欧州産業連盟(UNICE)との共同声明(骨子・全文はこちら

  1. 経団連とUNICEは、日欧経済関係の進展と多角的貿易体制の維持・強化に関して協力してきた。
  2. 日欧の社会経済システムは、変化する世界経済への適応性をなくしている。
  3. 経団連とUNICEは規制改革・規制の簡素化のためのアクションが必要であると考えている。
  4. 1996年3月バンコクで開催される欧州アジア会合は両地域の関係強化の重要な第一歩である。
  5. 両団体は以下の事項について共通の見解をもつ。
    1. 多角的貿易体制を支持し、ウルグアイ・ラウンド合意の完全実施を求める。またウルグアイ・ラウンドで積み残された問題への取り組み、新規加盟国のコミットメントを支持する。
    2. 開かれた二国間・地域的枠組みは貿易投資を促進する。
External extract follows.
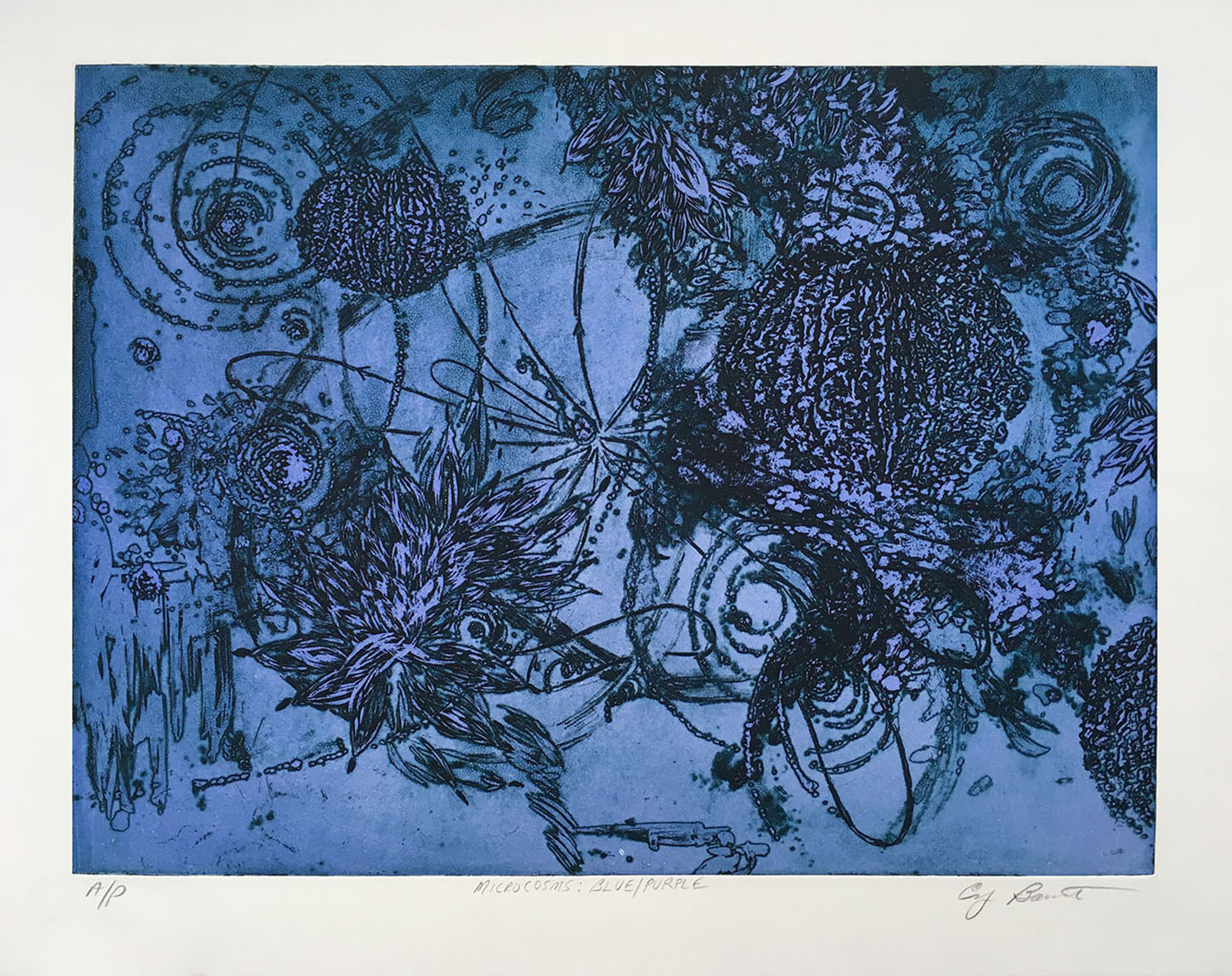  Microcosms Blue/Purple, 2005, Viscosity Etching, 22 x 30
ただし、WTOに整合的なものでなければならない。
    3. 海外直接投資に関する多国間協定の策定を支持する。
    4. 両団体は、経団連とUNICEは、既存の人的交流プログラムを強化するよう政府に訴えていく。
    5. 日欧産業協力の強化を支持する。
  6. 両団体は、市場経済への移行に取り組んでいる国への協力を強化すべきことを主張する。
  7. 政府がこの提言を実施するよう両団体は必要な手続きをとる。

ドイツ産業連盟(BDI)との共同声明(骨子・全文はこちら

  1. 両団体は、環境税は、生産コストに与えるネガティブな効果に比べ、生態系保護に対する効果は極めて少ないことに合意する。
  2. 環境保護のためには、官民協力が重要である。地球温暖化防止に対しては自主的合意が重要である。
  3. 一国のみの努力や強制に基づくものは、地球温暖化防止に対する責任あるアプローチではない。環境保護に対しては、技術移転が重要である。
  4. しかし、技術移転のためには、適切な法的枠組みと政治的リーダーシップが不可欠である。日独の産業界は、CO2削減のための共同実施に協力する用意がある。
  5. 地球温暖化防止にあたっては、原子力エネルギーが重要である。